##### RECORDS FOR PROCESSING #####

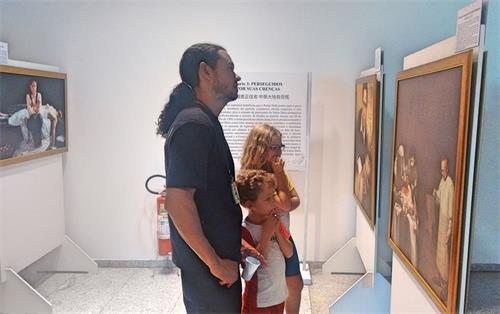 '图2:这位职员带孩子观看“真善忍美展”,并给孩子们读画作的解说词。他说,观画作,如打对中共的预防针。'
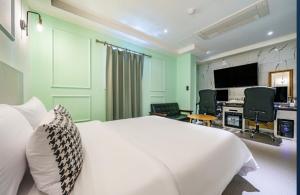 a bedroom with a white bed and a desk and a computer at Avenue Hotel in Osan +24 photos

#####
##### RECORDS FOR PROCESSING #####

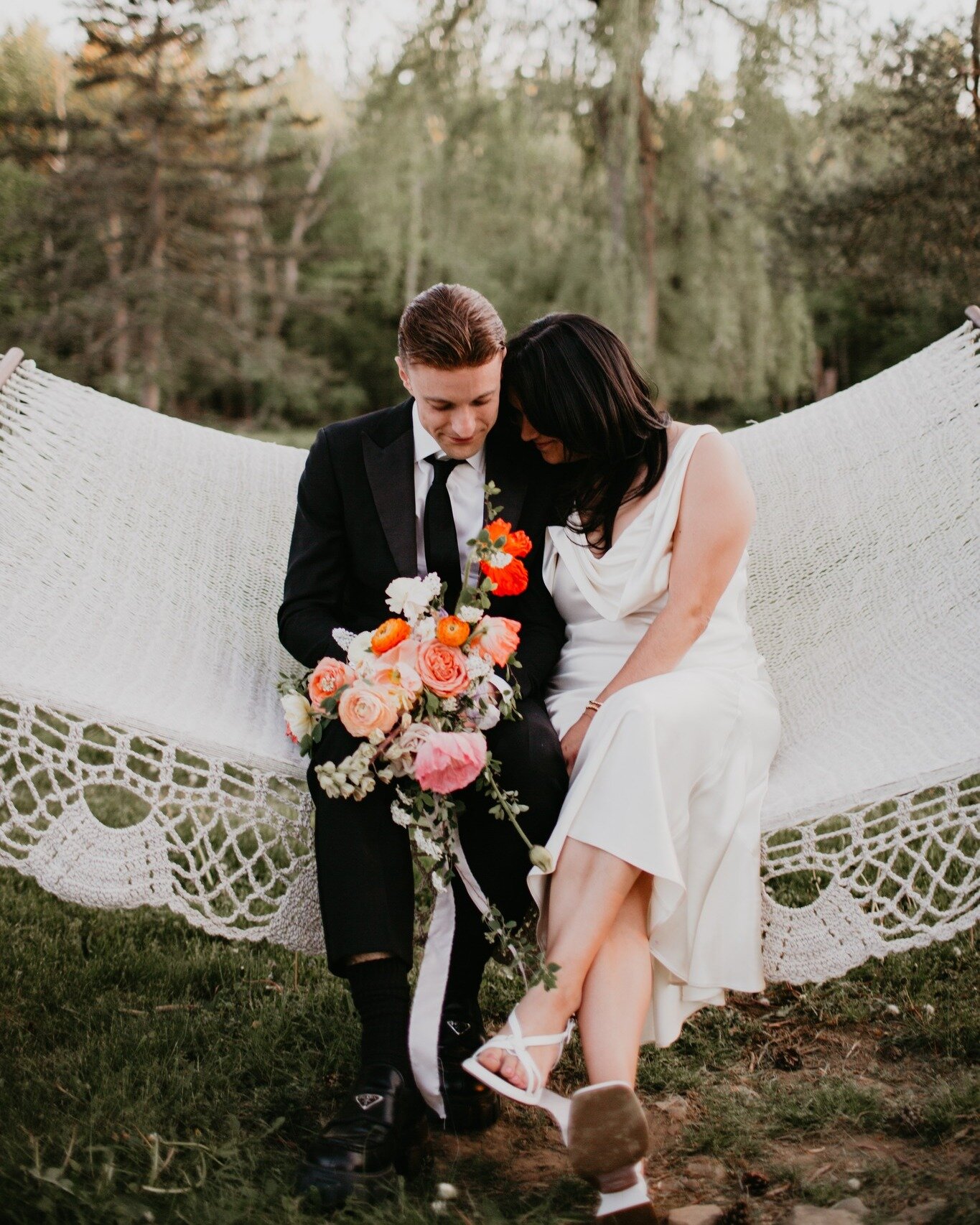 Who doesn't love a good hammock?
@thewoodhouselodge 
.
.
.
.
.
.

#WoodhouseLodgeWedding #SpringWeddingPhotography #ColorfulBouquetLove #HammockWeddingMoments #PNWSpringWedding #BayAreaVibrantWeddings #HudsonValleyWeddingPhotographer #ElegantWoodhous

#####
##### RECORDS FOR PROCESSING #####

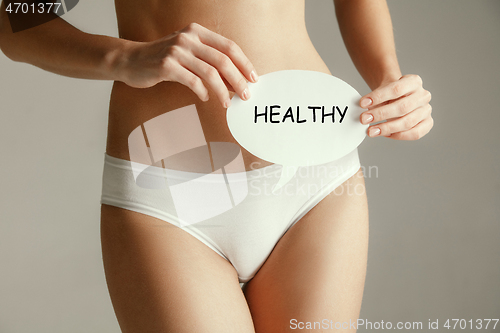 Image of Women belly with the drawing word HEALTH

#####

* **WHAT YOU HAVE TO DO**: Give again, exactly as written above, each line from the one that has "Who doesn't love a good hammock?" to the one that has "#ColorfulBouquetLove #HammockWeddingMoments #PNWSpringWedding", both included; omit the pictures.

* **SOLUTION TO THIS TASK**:
 Who doesn't love a good hammock?
@thewoodhouselodge 
.
.
.
.
.
.

#WoodhouseLodgeWedding #SpringWeddingPhotography #ColorfulBouquetLove #HammockWeddingMoments #PNWSpringWedding #BayAreaVibrantWeddings #HudsonValleyWeddingPhotographer #ElegantWoodhous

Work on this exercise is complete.